What are the lines below, starting at the line containing "Nell Carter prepares" and ending at the line containing "Gold heart-shaped pendant"? Write them out exactly, ends included, without pictures.

Data records section start

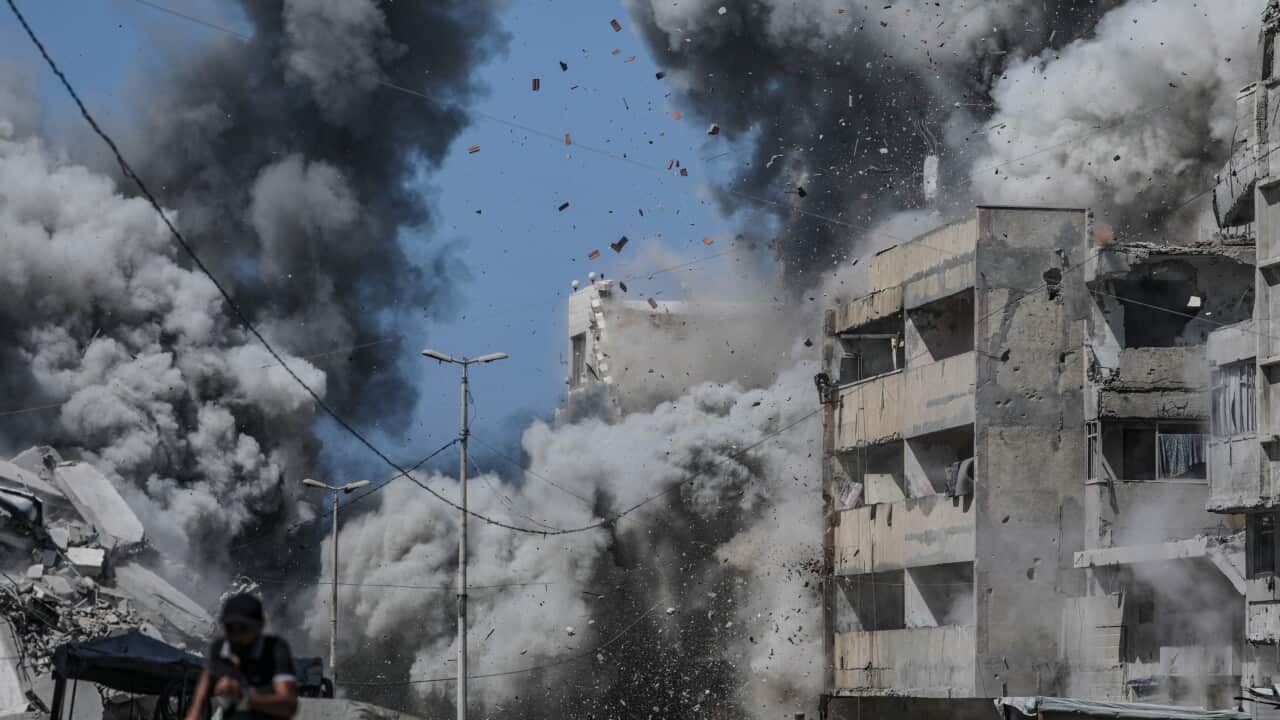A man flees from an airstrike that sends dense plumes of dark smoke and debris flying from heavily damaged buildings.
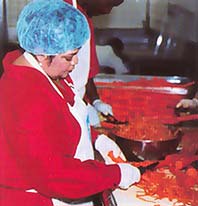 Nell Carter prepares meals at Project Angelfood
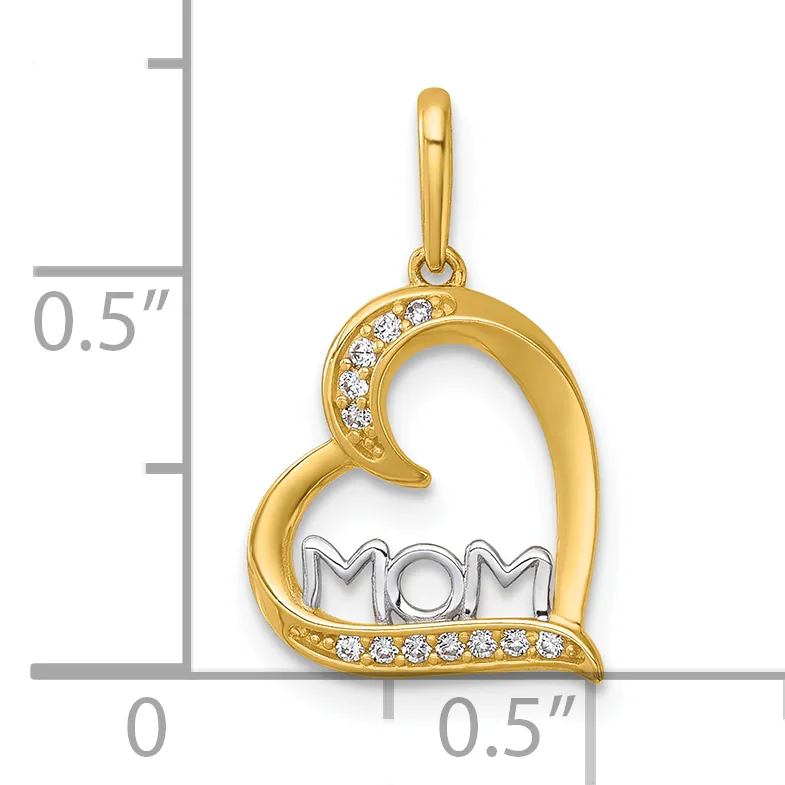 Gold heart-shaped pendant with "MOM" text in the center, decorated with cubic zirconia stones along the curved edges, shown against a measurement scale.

Data records section end
Data records section start

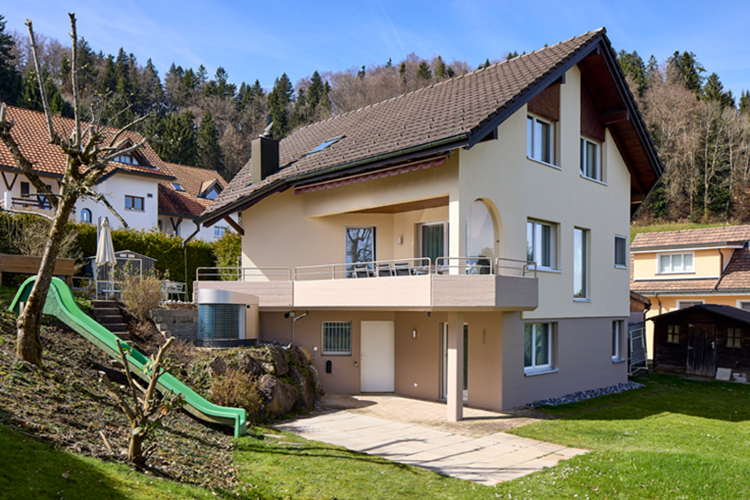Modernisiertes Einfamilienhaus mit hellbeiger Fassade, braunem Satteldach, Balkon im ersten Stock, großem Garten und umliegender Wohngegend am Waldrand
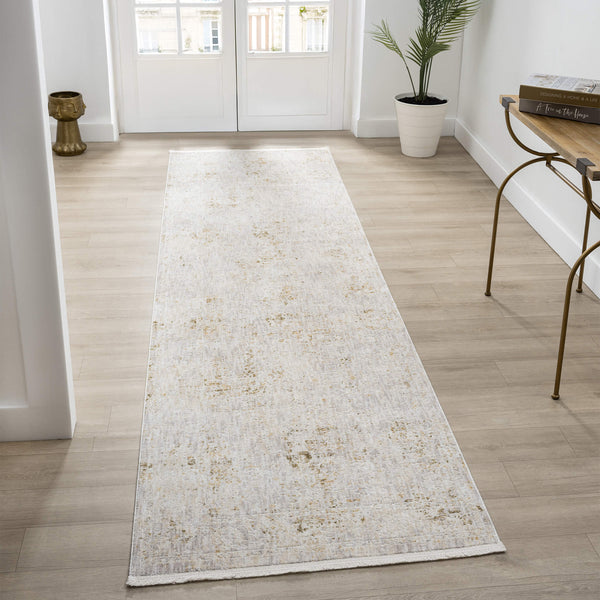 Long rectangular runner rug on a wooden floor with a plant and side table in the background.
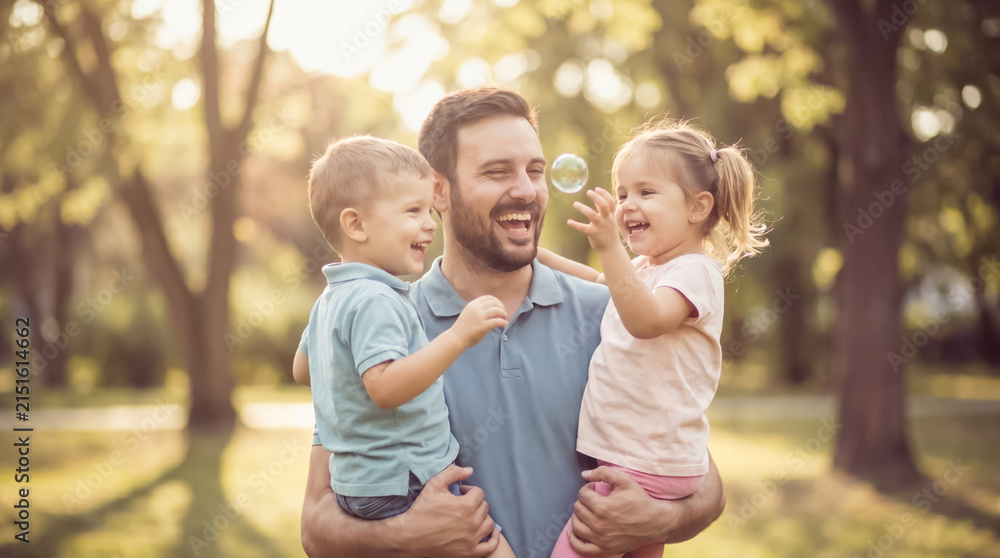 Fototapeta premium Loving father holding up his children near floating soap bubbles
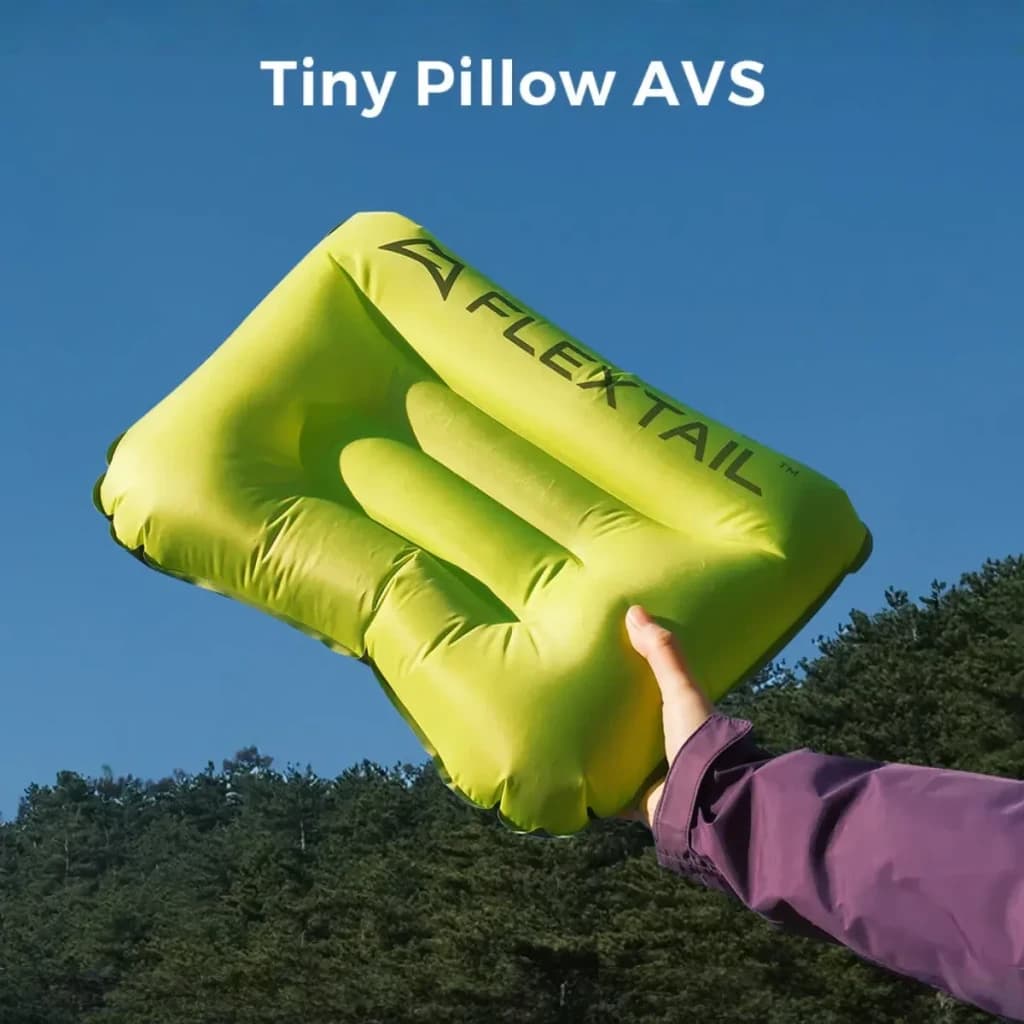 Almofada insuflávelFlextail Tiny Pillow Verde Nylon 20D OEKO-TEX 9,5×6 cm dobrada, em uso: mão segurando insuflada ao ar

Data records section end

#### Output of the exercise:
 Nell Carter prepares meals at Project Angelfood
 Gold heart-shaped pendant with "MOM" text in the center, decorated with cubic zirconia stones along the curved edges, shown against a measurement scale.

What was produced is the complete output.